Vous, au séminaire, vous devez étudier, apprendre à grandir dans la prière, connaître la vie spirituelle. De plus, au séminaire vous êtes nombreux et la vie communautaire est importante. Et ensuite vous étudiez. Quatre piliers. La vie spirituelle, la prière ; la vie communautaire avec les compagnons ; la vie d’étude, car nous devons étudier : le monde ne tolère pas la piètre figure d’un prêtre qui ne comprend pas les choses, qui n’a pas de méthode pour comprendre les choses et qui ne sait pas dire les choses de Dieu de manière fondée ; et, quatrièmement : la vie apostolique ; le dimanche vous devez aller en paroisse et faire cette expérience. Que ces quatre piliers soient toujours présents. « Mais quel est le plus important? ». Tous les quatre sont importants. S’il en manque un, la formation n’est pas équilibrée. Tous les quatre. Et vous, supérieurs et formateurs, vous devez aider afin que cela se produise, qu’il en soit ainsi. L’équilibre de ces quatre piliers ne doit pas être négligé.

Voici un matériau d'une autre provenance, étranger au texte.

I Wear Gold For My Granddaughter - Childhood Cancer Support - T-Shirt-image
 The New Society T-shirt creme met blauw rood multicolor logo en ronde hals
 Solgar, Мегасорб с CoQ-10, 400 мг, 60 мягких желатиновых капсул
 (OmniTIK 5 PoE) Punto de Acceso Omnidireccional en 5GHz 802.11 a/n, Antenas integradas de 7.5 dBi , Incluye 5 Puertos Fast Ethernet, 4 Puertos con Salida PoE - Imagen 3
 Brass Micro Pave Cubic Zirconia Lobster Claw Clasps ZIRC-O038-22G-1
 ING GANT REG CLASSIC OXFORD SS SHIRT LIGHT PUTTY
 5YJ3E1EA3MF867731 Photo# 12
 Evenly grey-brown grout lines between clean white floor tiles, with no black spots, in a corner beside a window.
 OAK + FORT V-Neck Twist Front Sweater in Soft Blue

Et pour revenir à l’Esprit Saint, je voudrais souligner une vertu, une vertu qui est si importante et nécessaire chez le prêtre : le zèle apostolique. Et pour avoir cela, il faut s’ouvrir à l’Esprit Saint : ce sera Lui qui vous donnera le zèle apostolique. Il faut le demander! Le zèle discret, mais le zèle apostolique.

Je pourrais continuer à vous parler, mais je crois que cela est suffisant.

J’ai commencé par une sœur, je veux finir par un prêtre. J’ai commencé avec l’image de cette sœur qui pour moi a été un exemple de docilité à l’Esprit Saint, d’amour pour Jésus et d’amour pour la chair du Christ concrète. Et je veux finir par une image, une image qui n’est pas celle d’une personne, mais que j’ai vue très souvent quand j’étais jeune homme : le téléphone — parce qu’il n’y avait pas de répondeur, il n’y avait pas de téléphone portable — le téléphone sur la table de nuit du prêtre. Ces bons prêtres, qui se lèvent à n’importe quelle heure de la nuit pour aller trouver un malade, pour administrer les sacrements. « Mais je dois me reposer... Le Seigneur sauve tout le monde... Je décroche le téléphone ». Cela [la disponibilité] est le zèle apostolique, cela signifie dépenser [consumer] sa vie au service des autres. Et pour finir, qu’est-ce qu’il te reste? Que reste- t-il? La joie du service au Seigneur!

Pensez aux sœurs et pensez au téléphone sur la table de nuit ; pensez aux gens ; pensez au Tabernacle ; pensez aux quatre piliers. Il y a tant de choses auxquelles penser... Et pensez également aux évêques, à vos pères : si tu as quelque chose contre lui, aujourd’hui ou demain, le premier qui doit le savoir, c’est lui, et pas les autres par des bavardages. Vous, ne bavardez jamais, soyez de braves garçons, qui ne bavardent pas...

Merci beaucoup! C’est l’heure de l’Angélus. Nous pouvons prier ensemble.